After a short round of introductions, the work already begins. We don't want to lose any time! What many people forget is what the object we have in front of us used to be. It is clear that we need wood for the box. The raw material is lying in the carpenter's workshop, cut into slices but still almost the full length of a tree trunk. Roman courageously grabs a board that has already been cut to size and cuts it into pieces to get to the desired size of the box. It is important to work precisely. Thus, Roman always measures the length precisely with his ruler, which is usually hidden in his work trousers. If something doesn't fit, it is made to fit.
Picture 1: This is supposed to become a small box?
Picture 2: From the wood to the saw.
Picture 3: Cutting the tree trunk until it becomes a wooden board.

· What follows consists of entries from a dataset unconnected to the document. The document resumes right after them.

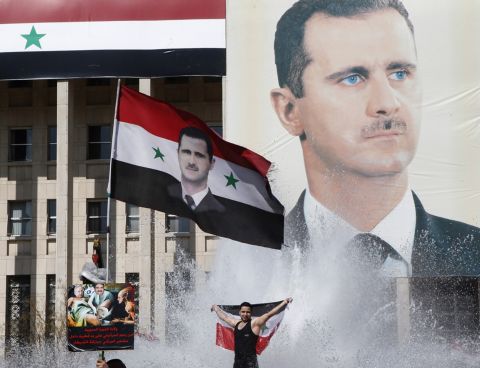 Supporters of al-Assad celebrate during a referendum vote in Damascus on February 26, 2012. Opposition activists reported at least 55 deaths across the country as Syrians headed to the polls. Analysts and protesters widely described the constitutional referendum as a farce. 
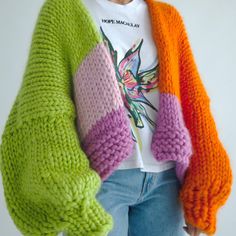 a woman wearing an orange, pink, and green knitted sweater with colorful sleeves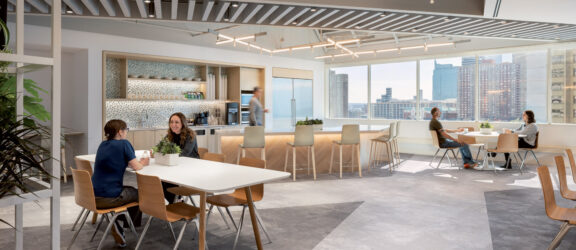Modern office break room with natural wood tables, light gray flooring, and suspended linear LED lighting. A kitchenette with mosaic backsplash and high stools overlooks a cityscape through large windows. Employees casually engage, fostering a collaborative atmosphere.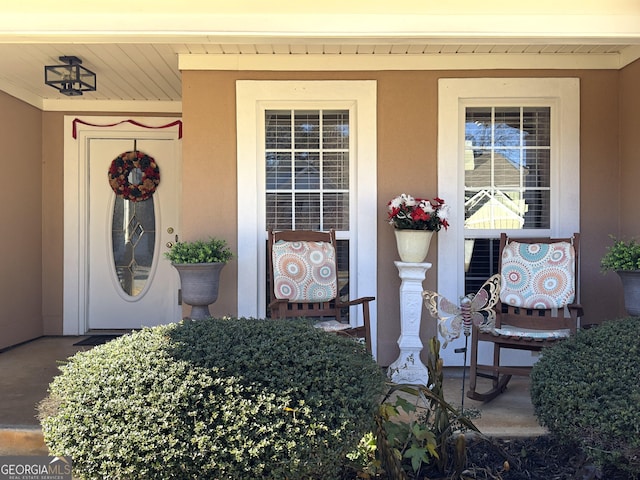 doorway to property with a porch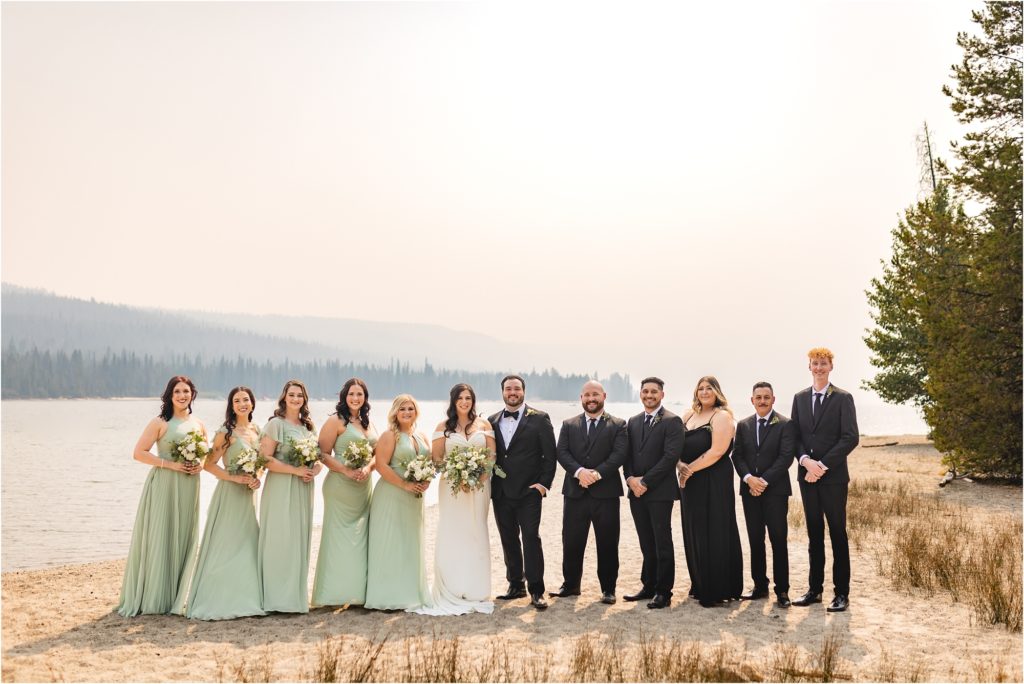 wedding party in sage, ivory, and black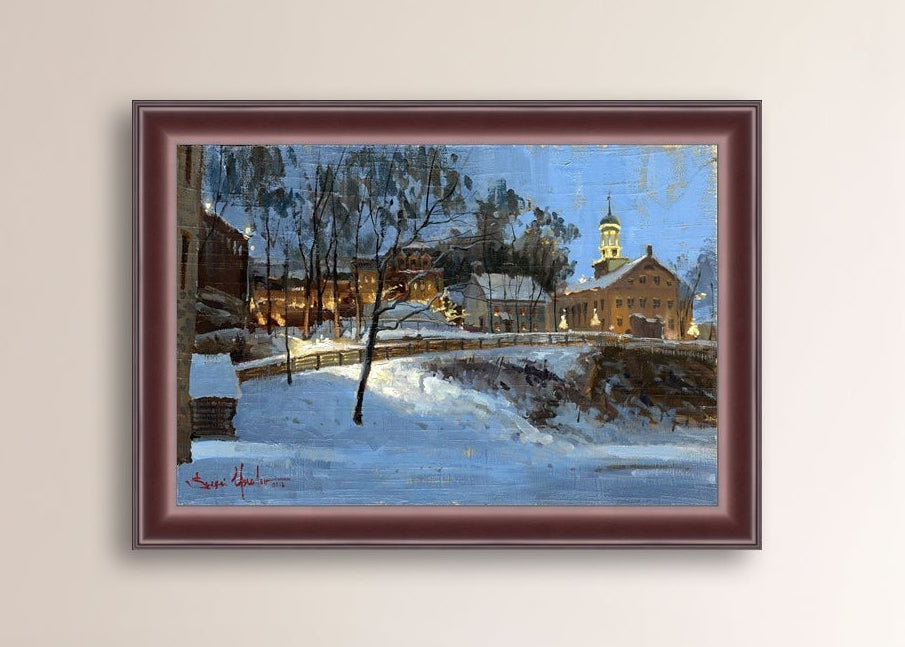 Winter scene with Moravian Church and Main Street, illuminated by lights.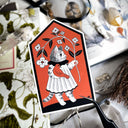 Sticker of a cat in a dress holding an orange bird and a large branch of flowers. Background is solid orange.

After cutting, it's off to the 4-plane machine. Roman accurately sets the dimensions. Jedi-like laser lines appear, showing him exactly where and how to place the wood. A piece of wood is stuck. Without further ado, Markus and Roman open the machine and rescue the piece of wood from its misery. The next step. The piece of wood is placed on the conveyor belt on one side and Roman then agilely retrieves it on the other side. After cutting, it's off to the 4-plane machine. Roman accurately sets the dimensions. Jedi-like laser lines appear, showing him exactly where and how to place the wood. A piece of wood is stuck. Without further ado, Markus and Roman open the machine and rescue the piece of wood from its misery. The next step. The piece of wood is placed on the conveyor belt on one side and Roman then agilely retrieves it on the other side. Finished is the wood planing operation.
Another planer is consulted. Roman has to use lubricant so that nothing gets left behind. And then it's off to the sanding machine so that the planed ends also look nice and smooth, as Roman explains to us. He is the master here and you can see his passion for the material and his work.
Then it's off to the milling machine to make sure the edges fit well together. In the end, the whole thing is a puzzle and every corner and edge has to fit.
The break is called at exactly 14:45. But Roman, our hero, makes an exception for us. He continues to work.
After the edges have been worked on, Roman lays down each side so that he can glue the sides together. First with tape, then with glue. And as if by magic, we have an almost finished box in front of us!
In order for it to be opened again, a deepened milling inlay is needed to insert the magnets. Roman masters this precise work, too, as if he had done nothing else all his life.
Picture 4: Cutting to size and planing.
Picture 5: Gluing the elements together.
Picture 6: Everything should fit together.
Important and not to be forgotten, it still needs a branding! Here, already prefabricated, Roman warned to be careful, because the «stamp» is very hot. He skilfully placed the box in the guard rails so that it could not slip away and a second later it was branded.
Finally, for the author, comes the most beautiful part. The box is oiled in hard oil wax. The room was so wonderfully scented and Roman was such a joy to watch, we could have stayed there for an eternity.
Picture 7: voilà, almost finished.
Picture 8: branding
Picture 9: oiling with the branding RAM.
Picture 10: Oiling
Picture 11: The finished box.
Picture 12: and the jewel is ready.
The afternoon was wonderful, because not only could we learn a lot from Roman and the workshop crew, it is also great to observe that this work is done with joy and a lot of commitment.
Many thanks for that, dear Roman and Markus!